Baby bok choy is surprisingly
reasonable at Whole Foods: $1.69/lb.
Five heads of bok choy came to a little bit less than that.
Considering how quickly I go through greens, I ought to have stocked up.
Considering how quickly I go through greens, I ought to have stocked up.
My mom made lemon squares last
week. She gave me lemons, and I made
vegan and GF ones this week.
Lemon Squares
Modified from Isa Chandra
Moskowitz and Terry Hope Romero’s Vegan
Cookies Invade your Cookie Jar, 141-2.
Crust:
1 1/4 cups brown rice flour
1/2 cup Bob’s Red Mill
All-Purpose Gluten Free Baking Flour
1 teaspoon xanthan gum
2/3 cup powdered sugar
1/4 cup cornstarch (or
arrowroot or tapioca flour)
1/2 cup margarine (I used
Earth Balance coconut spread)
7-9 tablespoons ice water
Filling:
3 tablespoons agar agar flakes
1 1/3 cups water
zest of 2 large lemons
2/3 cup fresh lemon juice
(juice of 2 large lemons)
3 tablespoons tapioca flour
(or arrowroot or cornstarch)
1 1/2 cups granulated sugar
1/8 teaspoon turmeric
1/4 cup nondairy milk (I used vanilla
soy)
1/4 cup powdered sugar to
decorate
Preheat oven to 375 degrees
F. Line a 9*13” baking pan with
parchment paper.
In large saucepan, combine
agar agar and water. Let sit for at
least 15 minutes.
In a large bowl, whisk
together flours, xanthan gum, powdered sugar, and cornstarch. Cut in margarine and then add water by the
tablespoon until mixture forms pea-sized chunks (like piecrust). Press into baking pan along bottom and
slightly up sides in order to hold the filling.
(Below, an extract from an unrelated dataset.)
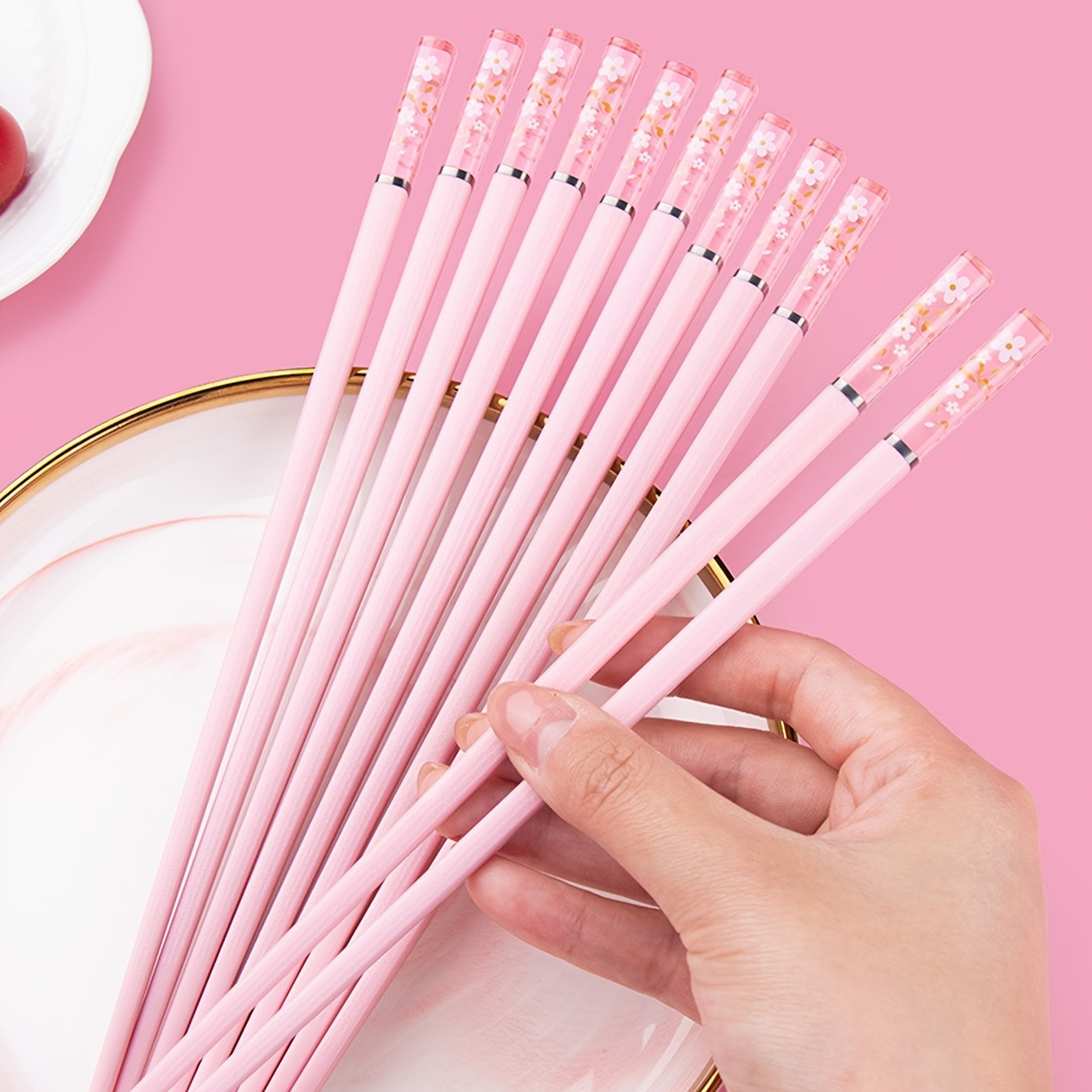 

1/5pairs, Pink Sakura Amber Chopsticks, Reusable Chopsticks, Fiberglass Chopsticks, Lightweight, Easy To Use, Kitchen Accessories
Bake for 25-30 minutes or until golden and the edges have pulled away
from the sides of the pan. Remove from
oven and let cool.
In a large measuring cup,
whisk tapioca in lemon juice. Bring the
soaked agar agar and water to a boil and boil until dissolved, about 3
minutes. Watch that sucker like a hawk
because burned agar agar is a pain to remove, the stuff’s expensive, and,
burned, it smells like bad dishwasher.
Add the granulated sugar and zest and boil until dissolved. Reduce heat to medium, and add the tapioca
mixture, turmeric, and nondairy milk.
Whisking constantly, cook the mixture until it thickens and clings to
the whisk, about 5 minutes. Pour mixture
into crust, let cool for 20 minutes, then refrigerate for at least 3 hours or
until the filling is set.
Notice the overflow. The crust contracted a bit while baking and I
forgot to push the crust up the sides in order to cup the filling. The overflow wasn’t a problem, though, since
the filling gelled and it came out in one piece.